Caveat – I am not a constitutional scholar. Just a reasonably well-read person trying to demystify what to many is an arcane and nearly impossible to understand process. This article presents my interpretations and feelings based on the fairly extensive research I have conducted. It is possible this article may include a few errors in technicality. If you see any, feel free to comment. Just try not to be too nit-picky. The point of this article is to demystify the Presidential election process, not write a treatise on the constitutional basis for it. With that in mind, let’s get right to it.
First and foremost, the Presidential election process is determined by the Constitution. The President CANNOT override the Constitution. Trust me when I tell you if he tries Chief Justice Roberts and the rest of the Supremes, even the ultra conservatives on the court, would body tackle him on the run in full robes and escort him out of the White House, and the Secret Service would make sure he didn’t return. Now THAT is an image I would love to see. I’ve written a blog with a brief description of the Presidential election process including a timeline I extracted for 2020 from the National Archives and why you shouldn’t believe any of the crap both parties are spewing about the possibility of Trump playing games with the election. The apocryphal stories are merely rhetoric intended to fire up the base on both sides, nothing more. Ignore it! Most of you probably know much of this stuff, and I must admit to not being a constitutional scholar, though I learned quite a bit in researching this article. Please bear with me if those of you smarter than me find errors. I don’t think there are many but feel free to point them out. Just please cite your source so everyone has the benefit of the knowledge. With the exception of the election timeline which came from the National Archives official site, most of what I got here I summarized from Wiki which, while generally a good source, occasionaly gets some things wrong. You can get all the reference source info from wiki if you are interested in pursuing it further. My point with this article is equal parts education, and through that education reassurance that this Presidential transition will follow the same process as every one before. I’ll follow up in a few days with an article about Joe having to watch his 6…in Naval aviator terms the refers to the ”6” hand on the watch, aka watch your ass Joe.
The Presidential election is governed mostly by the Constitution and state laws with one or two Federal laws thrown in on the margins dealing with dates and deadlines with little import on the outcome. Mostly the Federal government acts as the bean counter for the Electoral College and goes through the largely ceremonial act of certifying the results.
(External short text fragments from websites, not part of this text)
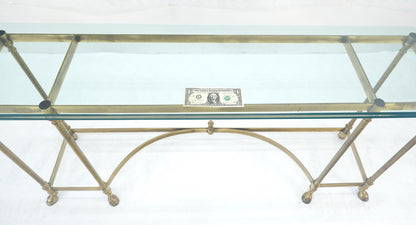 EstablishedLines Italian Hoof Feet Brass Frame Base 3/4" Glass Top Console Hall Table
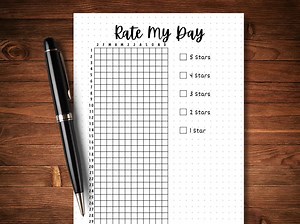 Rate My Day - PRINTABLE Journal Page - Printable Planner Page - Daily Rating Tracker - Mood Tracker - Year in Pixels - Monthly Tracker - Etsy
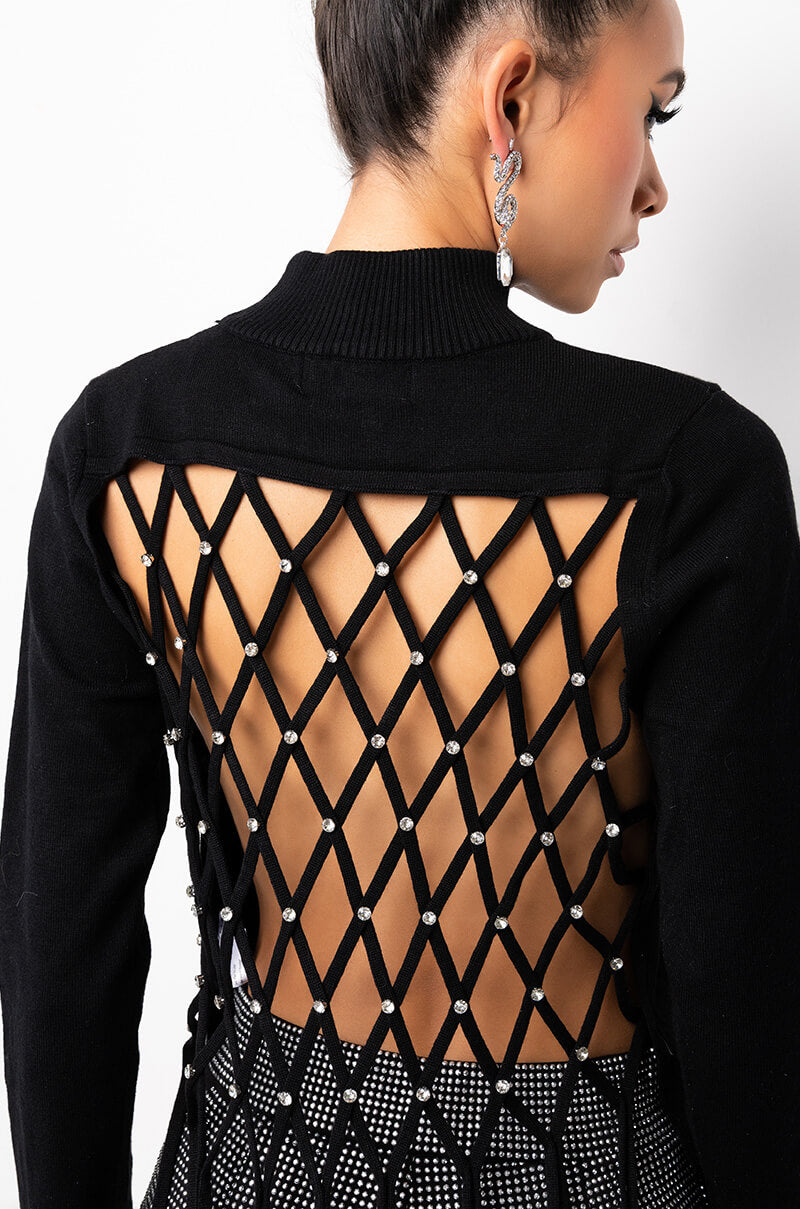 MAKE YOU MINE OPEN BACK RHINESTONE NET SWEATER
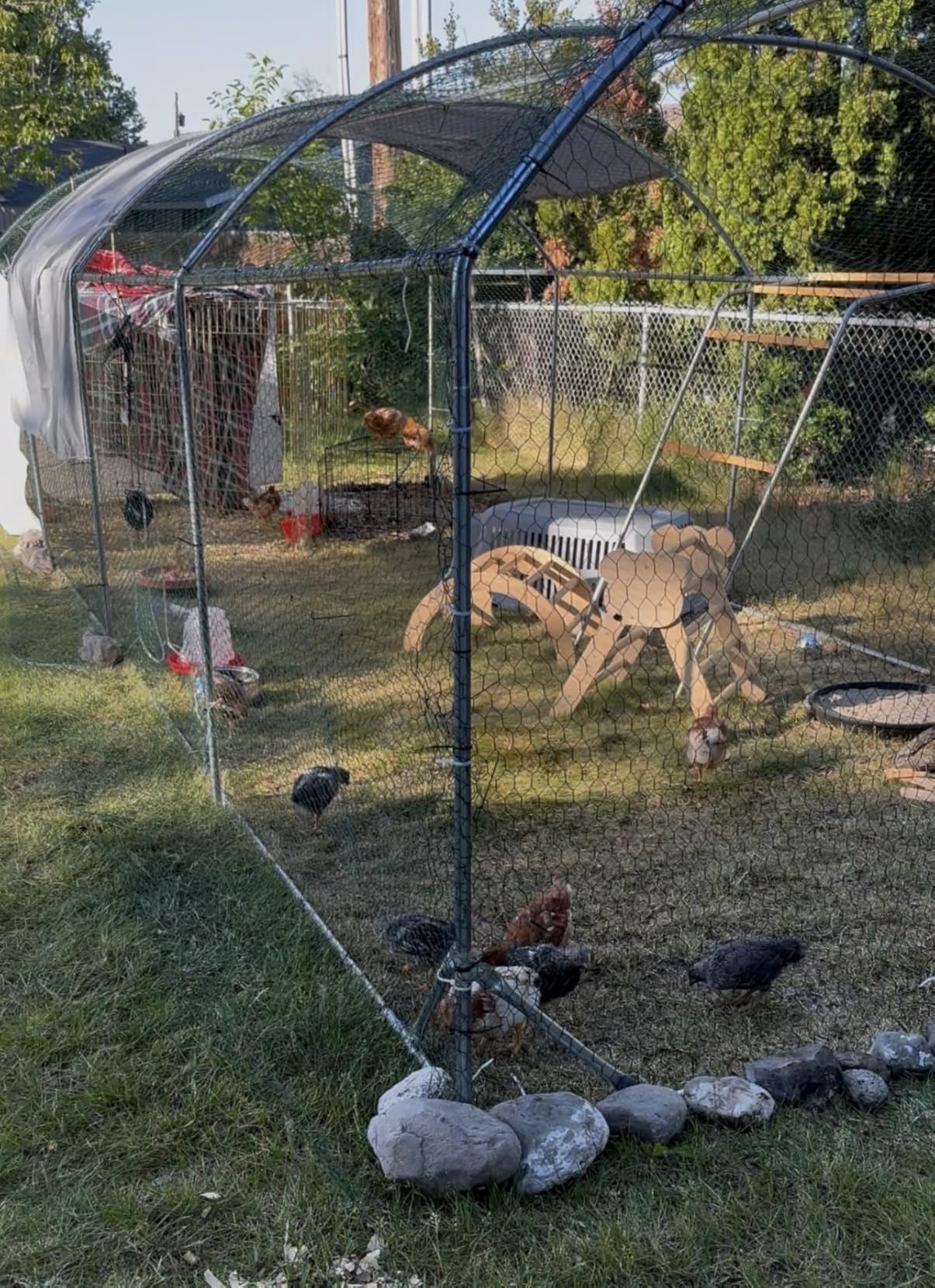 Quictent Essential Series 18x9x6.6ft Metal Chicken Coop Run with Climbing Ladder, Walk-in Outdoor Poultry Cage with PVC Coated Chicken Wire, Hen Duck Rabbit Farm House, Waterproof Anti-UV Cover customer photo 2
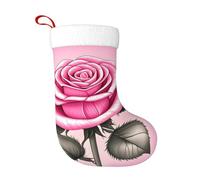 WZYCWB Belle rose rosa Stampe calze natalizie, appese al caminetto, sono perfette per contenere regali e dolci.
The overwhelming majority of the process for electing our Presidents is executed by the states under the broad direction of the constitution, so the risk of Trump pulling shenanigans across 50 states at the same time is non-existent. Doesn’t mean he won’t try, it just means he won’t get away with it.
There is one very important point I want to make from the outset and it involves the Vice President. The Twelfth Amendment to the Constitution requires that the Vice President be fully eligible to take over the role of President if required. The fact that Kamala Harris was certified to be on the ballot as Joe Biden’s Vice President establishes that she has full citizenship and is fully qualitied to take over the office of President if and as required. So, let’s put the “birther” issue to bed please. If you raise it, you are ignorant of the constitution. Now, on to the good stuff.
First off, as you should know from the last election, individuals do not vote for the President. They vote for Electors in each state that together form the Electoral College and it is the Electoral College that elects the President. Hillary Clinton won the popular vote by 2.9 MILLION more votes than Trump in 2016 but still lost the presidency. That’s because each state has a fixed number of electors, and she can only win that fixed number of electors. It matters not how many extra popular votes she gets in that state. Once she has enough votes to win the state’s allotment of electoral votes, that’s all she gets. In 2016 New York had 29 Electors to vote in the Electoral College. There were candidates from the Green Party, the Libertarian Party, and an Independent candidate in addition to Hillary Clinton representing the Democrat Party, and Donald Trump representing the Republican party. The candidates representing the Green Party, the Libertarian Party, and the Independent are not worth naming as combined they pulled in fewer than 350,000 votes, probably mostly family members, so they were complete non-issues. Donald Trump got 2,819,534 votes. All Hillary Clinton had to do to win New York’s 29 Electors was get 2,819,535 votes, or one more vote than Donald Trump. Instead, she got 4,556,124 votes of which 1,736,590 made no difference in her carrying the state’s electors. They undoubtedly helped down ballot candidates, candidates for the House and Senate seats, but those extra votes bought her nothing when it came to getting her any closer to the presidency. They represented the popular vote but did not contribute to her gaining a single additional Elector from the state of New York. She still only got the 29 Electors New York was allocated. The same was the case in California.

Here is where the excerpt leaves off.